[Dataset records]
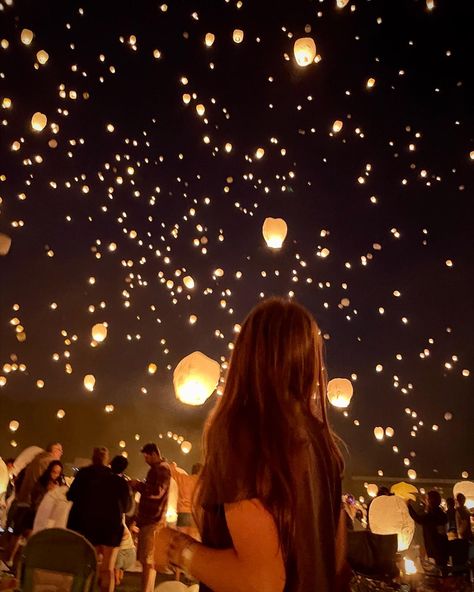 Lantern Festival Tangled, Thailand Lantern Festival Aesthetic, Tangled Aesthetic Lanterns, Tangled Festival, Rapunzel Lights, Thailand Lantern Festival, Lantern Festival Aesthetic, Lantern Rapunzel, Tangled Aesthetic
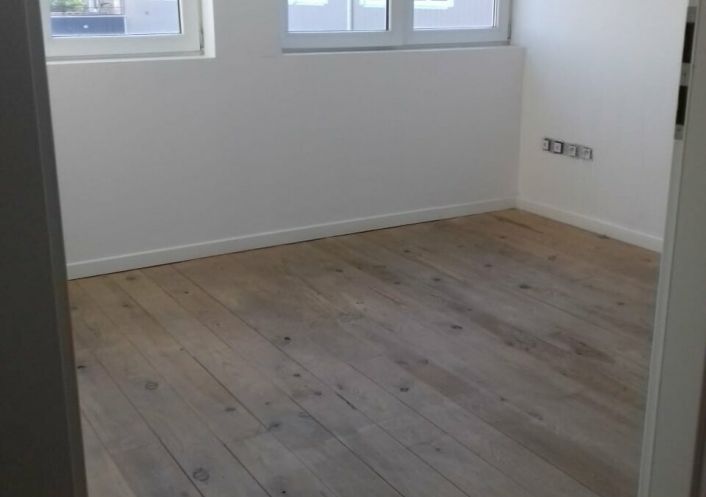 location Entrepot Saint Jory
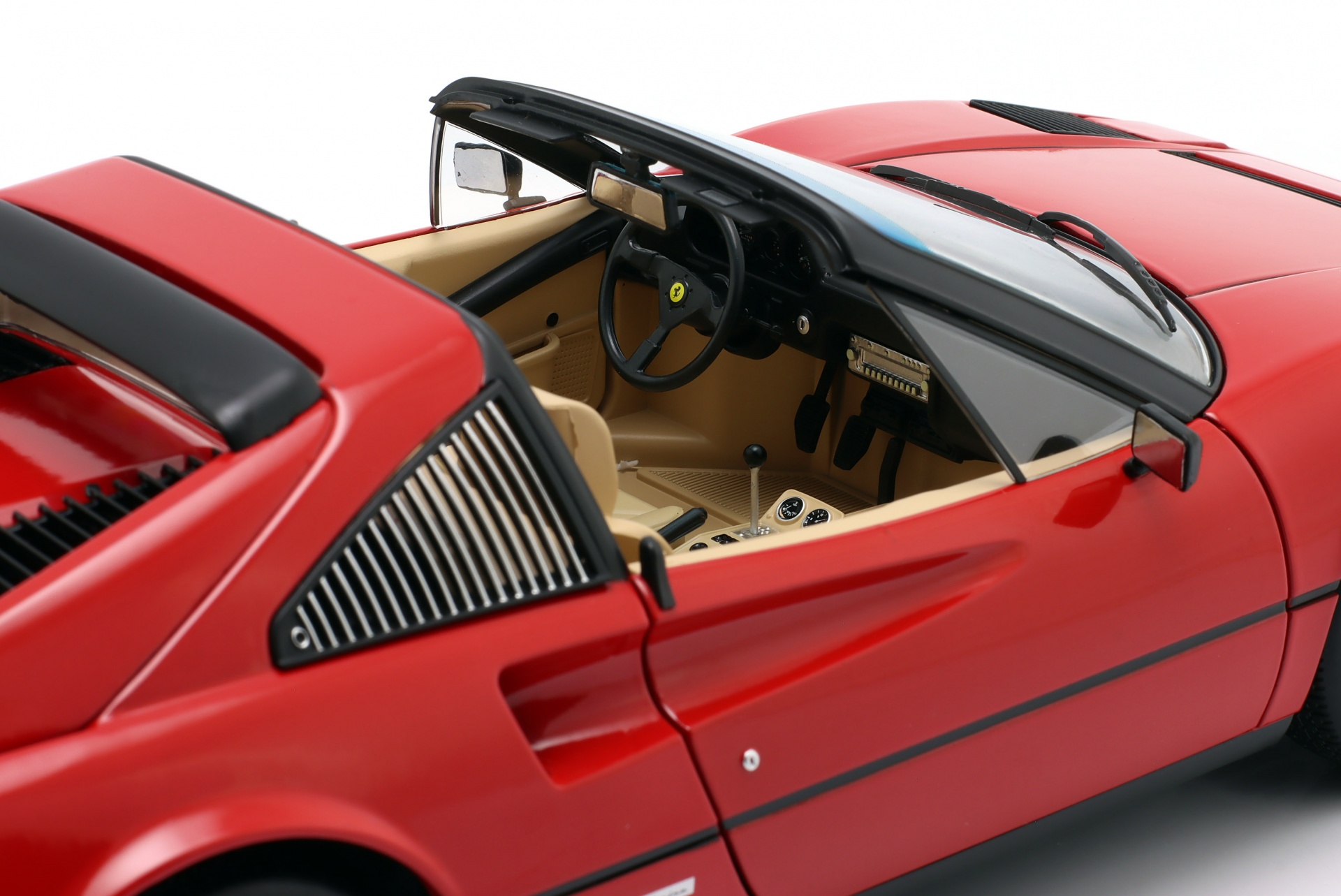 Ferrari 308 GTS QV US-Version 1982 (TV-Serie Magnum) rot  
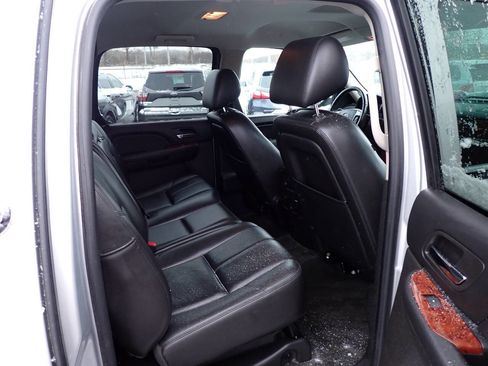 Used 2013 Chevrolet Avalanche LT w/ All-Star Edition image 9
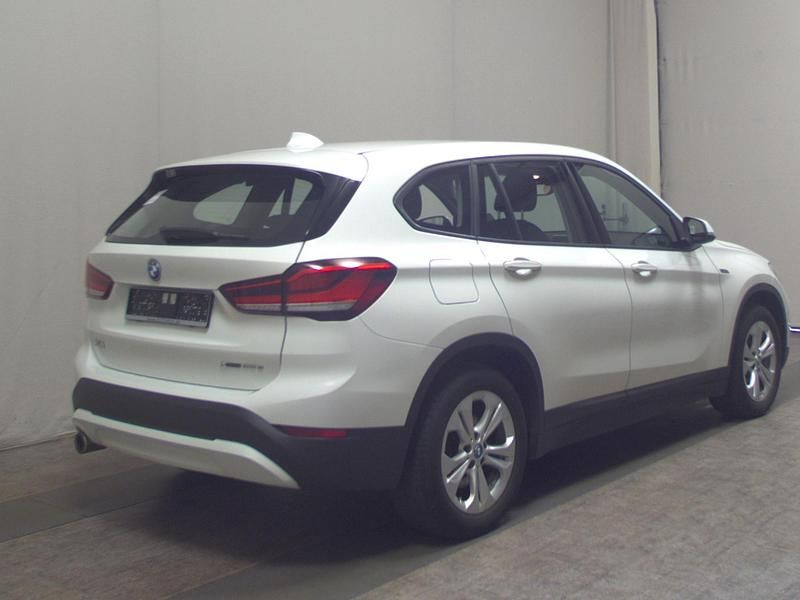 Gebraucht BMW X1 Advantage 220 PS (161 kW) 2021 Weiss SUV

**To do**
Before answering, please find the line containing "Ferrari 308 GTS" above, then copy exactly from it through the last line of the entries, both included, without pictures.

**Result**
 Ferrari 308 GTS QV US-Version 1982 (TV-Serie Magnum) rot  
 Used 2013 Chevrolet Avalanche LT w/ All-Star Edition image 9
 Gebraucht BMW X1 Advantage 220 PS (161 kW) 2021 Weiss SUV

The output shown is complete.